§ **Supplied data**
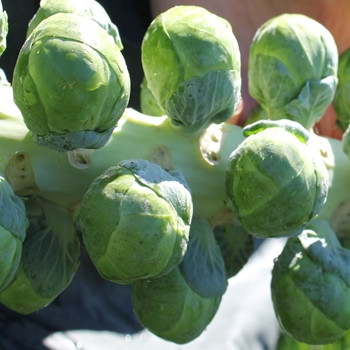 Brussels Sprout - F1 Marte - seed megastore - sku 127 Brussels Sprout - F1 Marte - seed megastore - sku 127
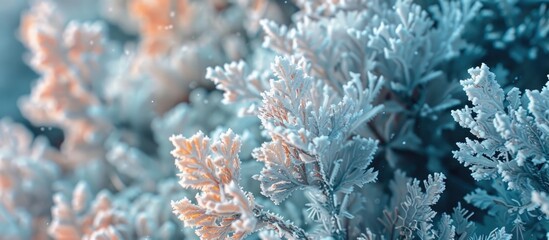 Tree Bush In Hoarfrost Snow Closeup Winter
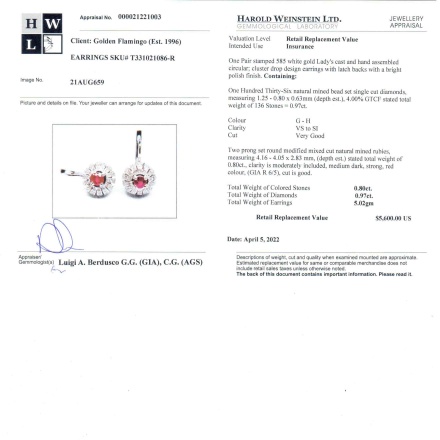 Appraisal of ruby and diamond earrings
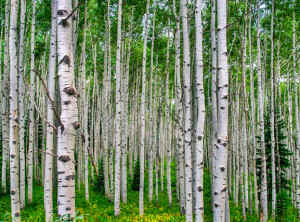 aspen trees in Colorado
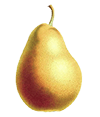tree pear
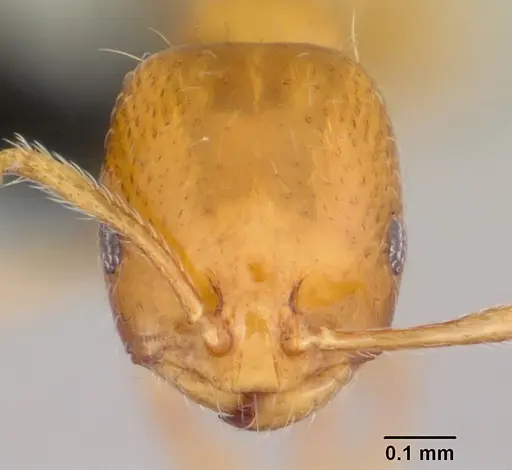 Monomorium termitobium specimen CASENT0003992 image casent0003992_2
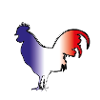 Coq Gaulois blanc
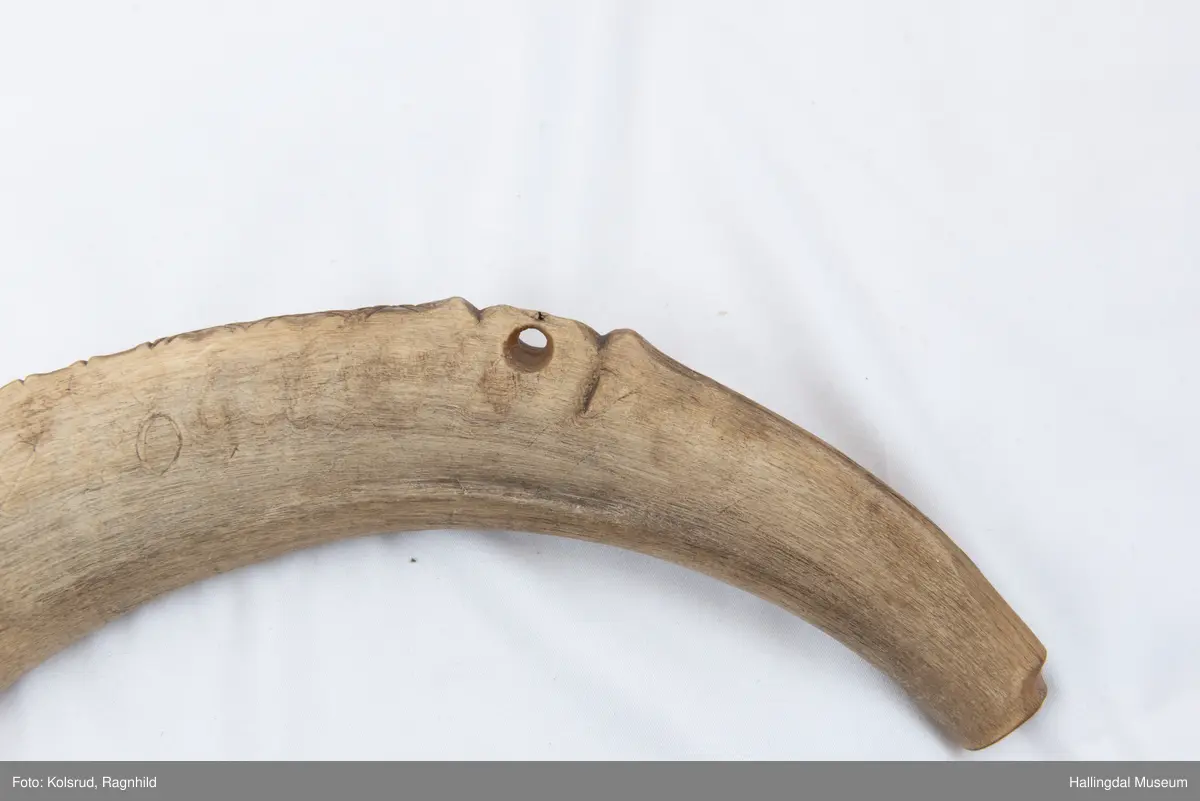 5 hol (bortimot sirkulære, ca. 1,1 cm i diameter) på eine sida og eitt mindre hol tvers gjennom hornet ytst i kanten lenger ut mot den smalaste enden. Rett avsaga i den smalaste enden, noko meir ujamn i andre enden. Bladornamentikk ripa inn med kniv. Bokstavane S T S er også ripa inn med kniv på kvar side. 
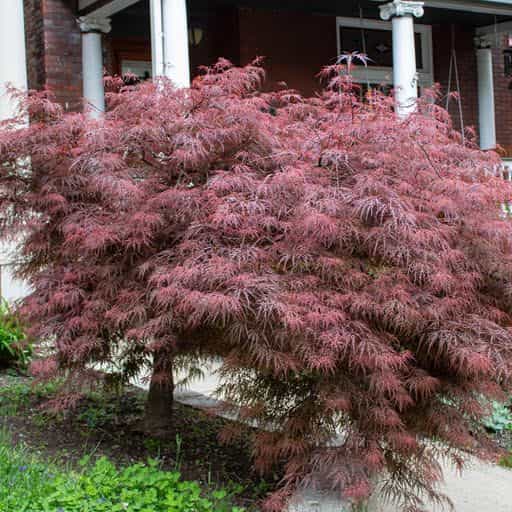 Japanese Maple Crimson Queen planted in a front yard.
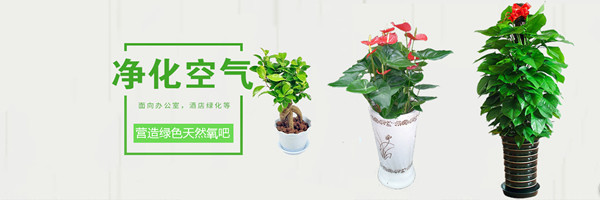 微信图片_20221024125144.jpg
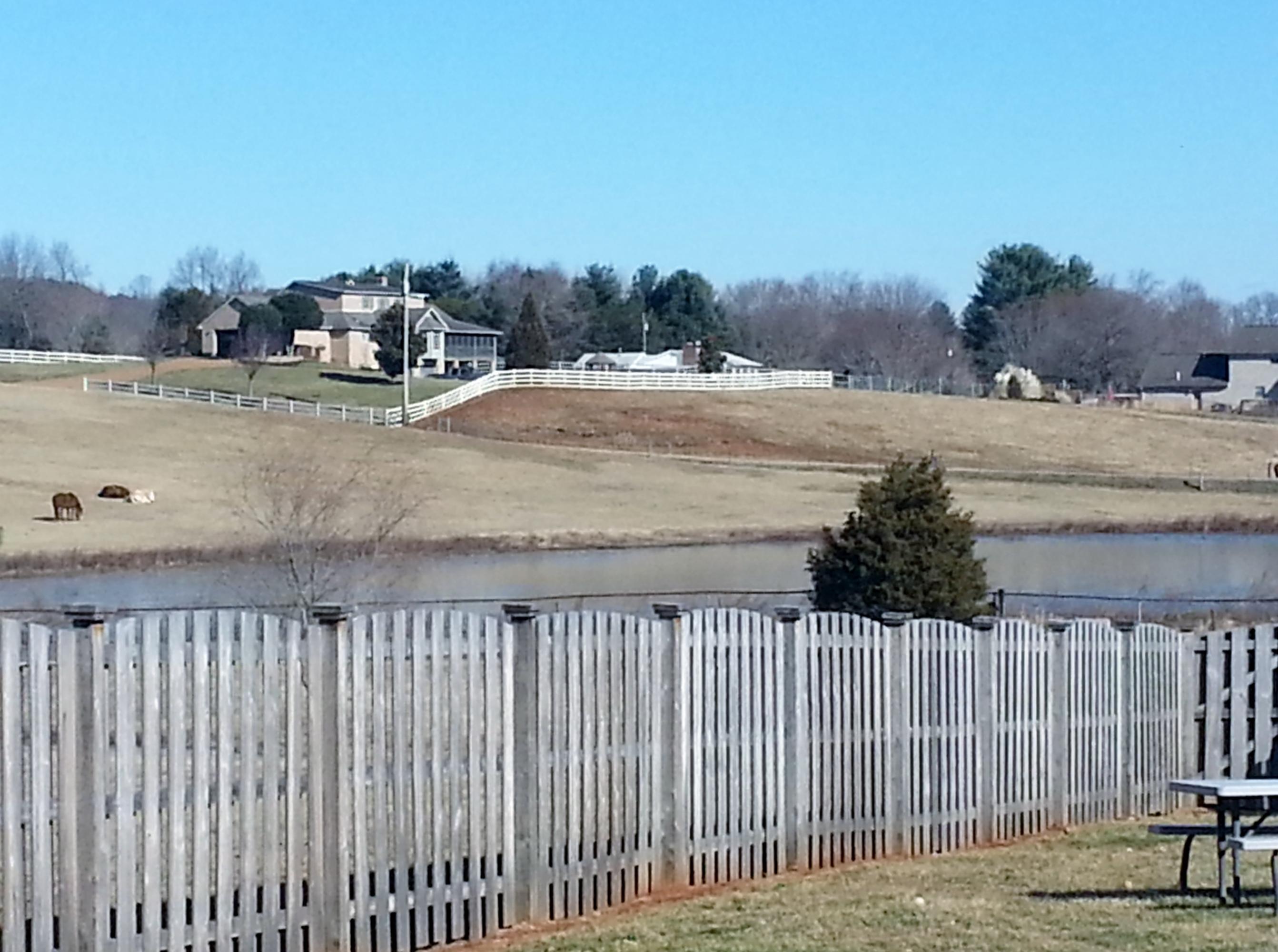 6930 Westerly Winds Road Knoxville, TN 37931 - Photo 26 of 27 View from back yard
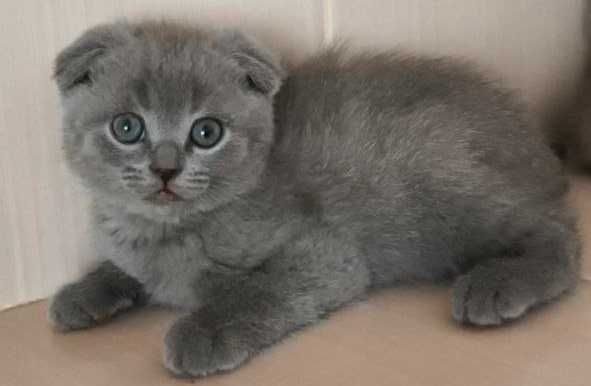 Шотландці породисті!!!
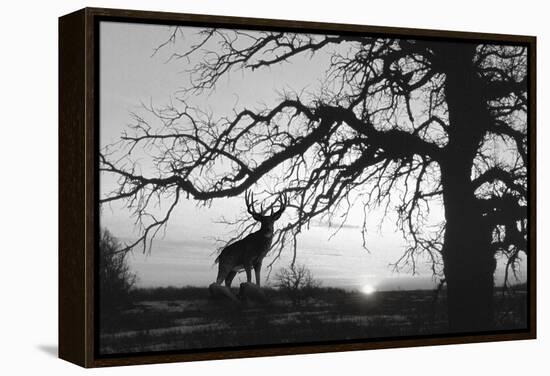 Silhouette 2-Gordon Semmens-Framed Premier Image Canvas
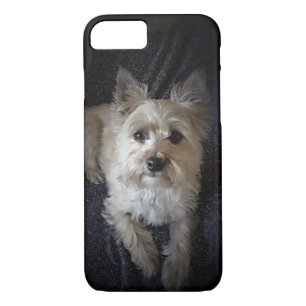 Coque iphone mignon de chien de Terrier de cairn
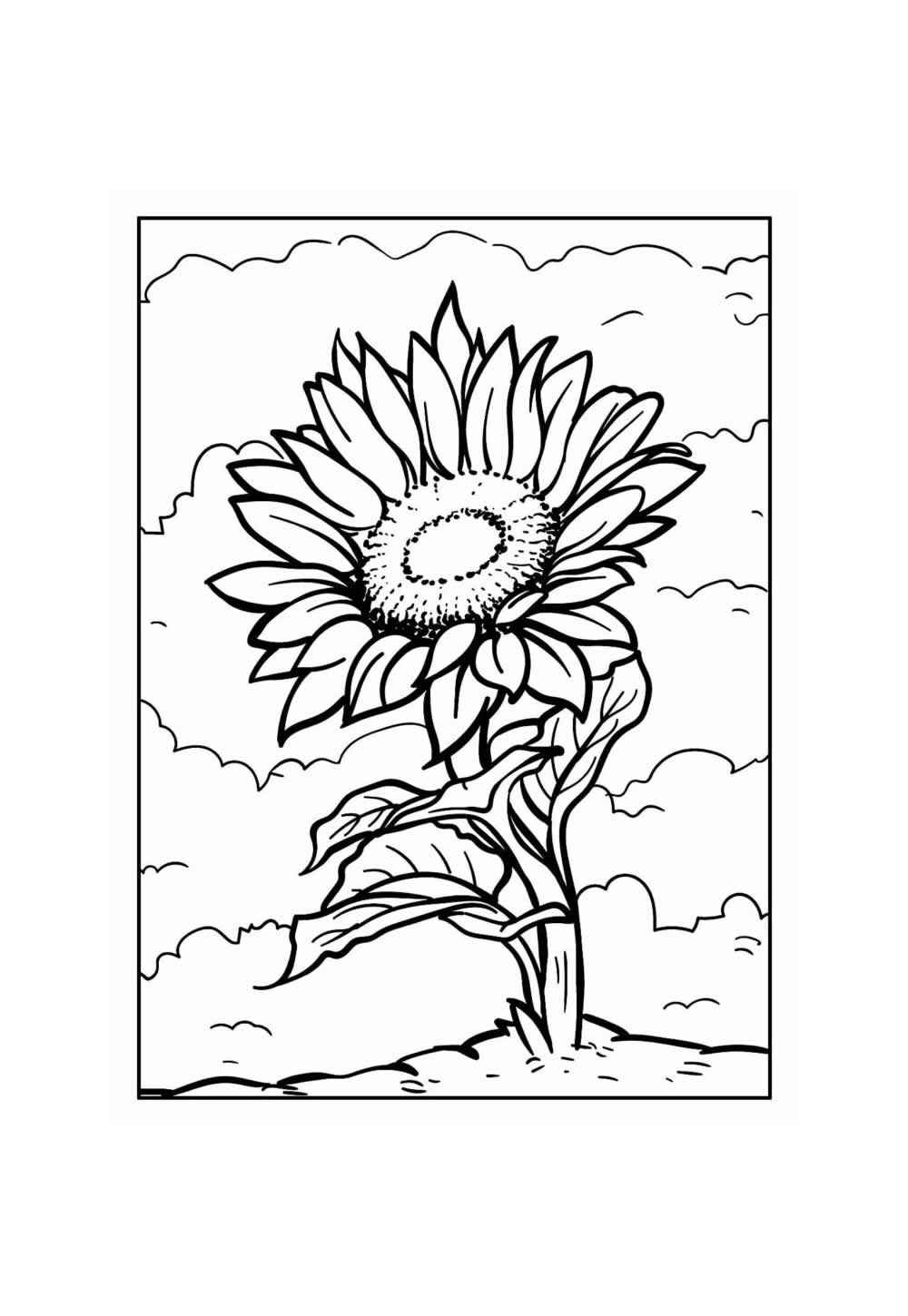 Sonnenblume Ausmalbilder 596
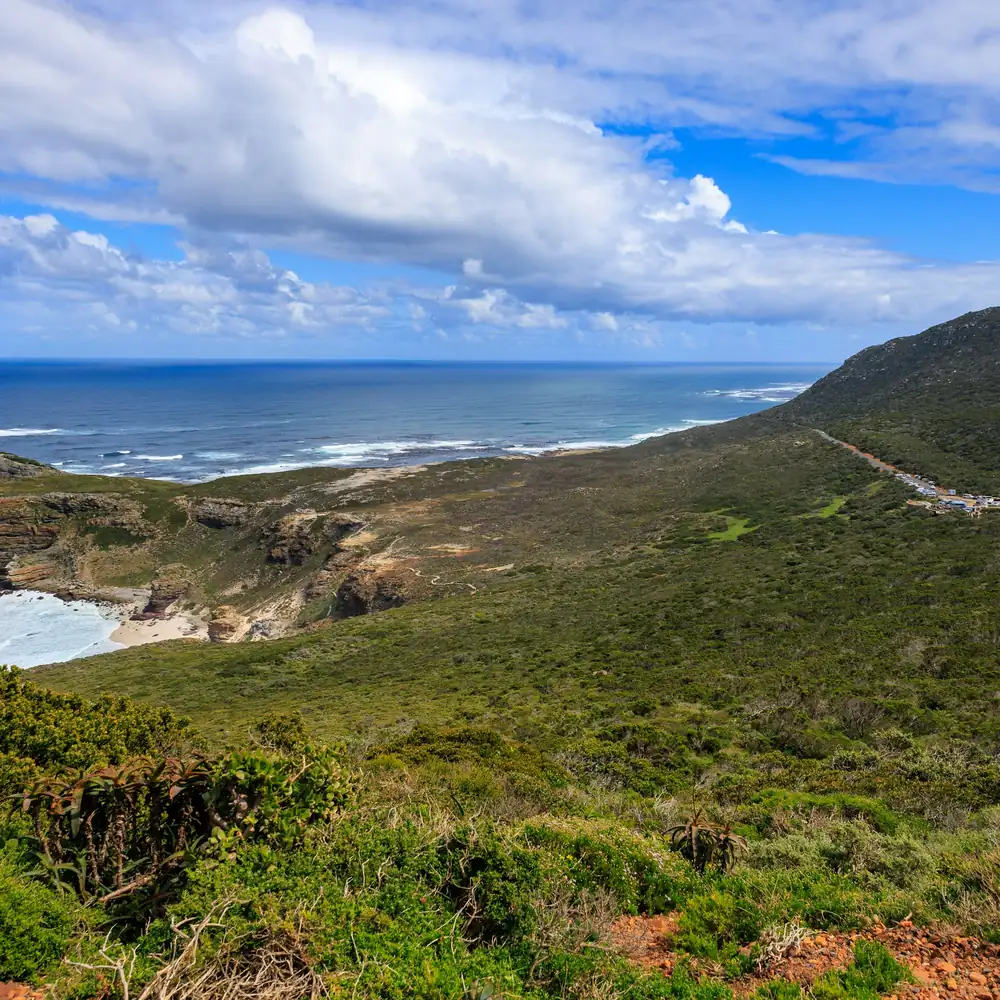 Green headland and blue ocean at Cape Point under a bright sky, Cape Peninsula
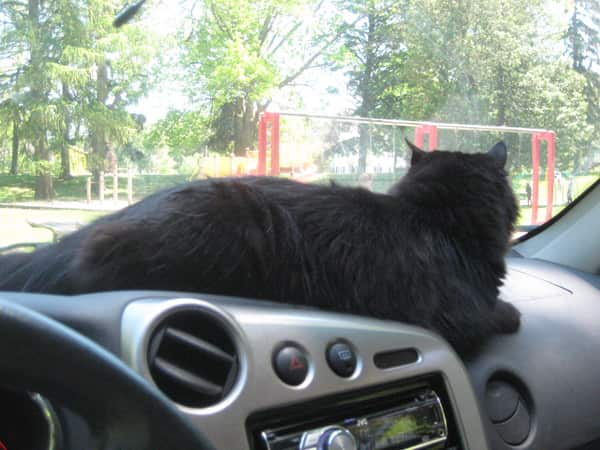 Black cat on a dashboard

§ **Task instructions**
Skip the pictures and print exactly the lines from the one containing "Шотландці породисті!!!" through the end of the records above.

§ **Expected answer**
 Шотландці породисті!!!
 Silhouette 2-Gordon Semmens-Framed Premier Image Canvas
 Coque iphone mignon de chien de Terrier de cairn
 Sonnenblume Ausmalbilder 596
 Green headland and blue ocean at Cape Point under a bright sky, Cape Peninsula
 Black cat on a dashboard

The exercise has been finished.